#### [Task instructions]
Every line from the line containing "Rhodesian Ridgeback BEWARE" through the final line of the data is to be printed exactly; no other line is to appear.

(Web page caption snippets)
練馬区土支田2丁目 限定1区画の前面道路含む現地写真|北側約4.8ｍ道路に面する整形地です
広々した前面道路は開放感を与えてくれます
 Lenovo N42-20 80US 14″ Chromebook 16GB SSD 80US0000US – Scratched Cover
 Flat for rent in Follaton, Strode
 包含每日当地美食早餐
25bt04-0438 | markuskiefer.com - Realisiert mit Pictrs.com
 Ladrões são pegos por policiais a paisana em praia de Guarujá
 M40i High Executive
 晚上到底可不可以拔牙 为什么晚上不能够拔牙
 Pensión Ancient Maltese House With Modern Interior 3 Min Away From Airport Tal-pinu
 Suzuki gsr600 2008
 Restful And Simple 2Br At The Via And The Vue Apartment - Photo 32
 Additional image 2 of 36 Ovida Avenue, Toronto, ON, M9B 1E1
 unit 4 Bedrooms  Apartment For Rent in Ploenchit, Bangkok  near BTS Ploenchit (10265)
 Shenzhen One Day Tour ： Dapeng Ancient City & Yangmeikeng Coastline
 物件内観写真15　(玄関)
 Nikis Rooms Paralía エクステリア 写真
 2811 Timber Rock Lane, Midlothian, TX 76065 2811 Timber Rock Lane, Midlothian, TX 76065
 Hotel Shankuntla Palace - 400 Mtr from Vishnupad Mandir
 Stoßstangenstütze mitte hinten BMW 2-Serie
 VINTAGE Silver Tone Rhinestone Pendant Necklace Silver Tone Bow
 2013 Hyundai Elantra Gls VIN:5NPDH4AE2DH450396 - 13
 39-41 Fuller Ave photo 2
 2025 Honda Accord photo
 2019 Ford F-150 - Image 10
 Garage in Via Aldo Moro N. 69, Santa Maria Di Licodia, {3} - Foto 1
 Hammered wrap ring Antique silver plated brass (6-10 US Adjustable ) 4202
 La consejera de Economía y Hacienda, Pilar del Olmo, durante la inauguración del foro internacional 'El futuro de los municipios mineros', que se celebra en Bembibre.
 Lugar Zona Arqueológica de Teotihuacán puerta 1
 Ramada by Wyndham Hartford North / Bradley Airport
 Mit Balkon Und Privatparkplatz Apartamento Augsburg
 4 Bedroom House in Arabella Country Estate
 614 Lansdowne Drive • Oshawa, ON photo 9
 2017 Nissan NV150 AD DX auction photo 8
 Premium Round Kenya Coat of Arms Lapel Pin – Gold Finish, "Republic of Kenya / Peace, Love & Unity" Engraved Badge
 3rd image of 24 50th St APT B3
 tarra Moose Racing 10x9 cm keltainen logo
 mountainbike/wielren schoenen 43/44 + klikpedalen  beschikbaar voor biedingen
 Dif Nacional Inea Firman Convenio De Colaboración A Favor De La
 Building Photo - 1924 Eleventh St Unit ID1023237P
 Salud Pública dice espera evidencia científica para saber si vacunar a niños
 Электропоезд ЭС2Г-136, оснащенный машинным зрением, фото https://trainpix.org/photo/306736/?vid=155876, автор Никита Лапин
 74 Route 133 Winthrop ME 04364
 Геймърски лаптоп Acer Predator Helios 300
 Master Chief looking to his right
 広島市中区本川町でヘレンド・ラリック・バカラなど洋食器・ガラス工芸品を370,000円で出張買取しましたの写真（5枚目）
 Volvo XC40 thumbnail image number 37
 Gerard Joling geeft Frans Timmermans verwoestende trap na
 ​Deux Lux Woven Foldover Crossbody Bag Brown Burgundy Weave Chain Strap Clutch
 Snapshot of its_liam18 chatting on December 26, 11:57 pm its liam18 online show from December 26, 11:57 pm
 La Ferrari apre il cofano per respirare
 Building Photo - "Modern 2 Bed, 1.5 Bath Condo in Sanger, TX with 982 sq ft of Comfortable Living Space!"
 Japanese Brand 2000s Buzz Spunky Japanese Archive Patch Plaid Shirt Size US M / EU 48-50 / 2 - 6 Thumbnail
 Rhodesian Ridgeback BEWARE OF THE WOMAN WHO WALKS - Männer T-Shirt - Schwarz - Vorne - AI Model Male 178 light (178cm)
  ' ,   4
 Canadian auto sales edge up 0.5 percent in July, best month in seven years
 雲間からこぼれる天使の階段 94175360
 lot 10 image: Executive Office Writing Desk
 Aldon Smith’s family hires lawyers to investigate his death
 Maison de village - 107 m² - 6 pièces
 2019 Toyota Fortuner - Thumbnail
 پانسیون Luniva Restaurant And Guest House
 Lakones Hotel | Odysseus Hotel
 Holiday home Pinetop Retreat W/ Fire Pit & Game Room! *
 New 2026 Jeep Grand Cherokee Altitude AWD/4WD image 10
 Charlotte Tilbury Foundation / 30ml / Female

#### [Exercise result]
 Rhodesian Ridgeback BEWARE OF THE WOMAN WHO WALKS - Männer T-Shirt - Schwarz - Vorne - AI Model Male 178 light (178cm)
  ' ,   4
 Canadian auto sales edge up 0.5 percent in July, best month in seven years
 雲間からこぼれる天使の階段 94175360
 lot 10 image: Executive Office Writing Desk
 Aldon Smith’s family hires lawyers to investigate his death
 Maison de village - 107 m² - 6 pièces
 2019 Toyota Fortuner - Thumbnail
 پانسیون Luniva Restaurant And Guest House
 Lakones Hotel | Odysseus Hotel
 Holiday home Pinetop Retreat W/ Fire Pit & Game Room! *
 New 2026 Jeep Grand Cherokee Altitude AWD/4WD image 10
 Charlotte Tilbury Foundation / 30ml / Female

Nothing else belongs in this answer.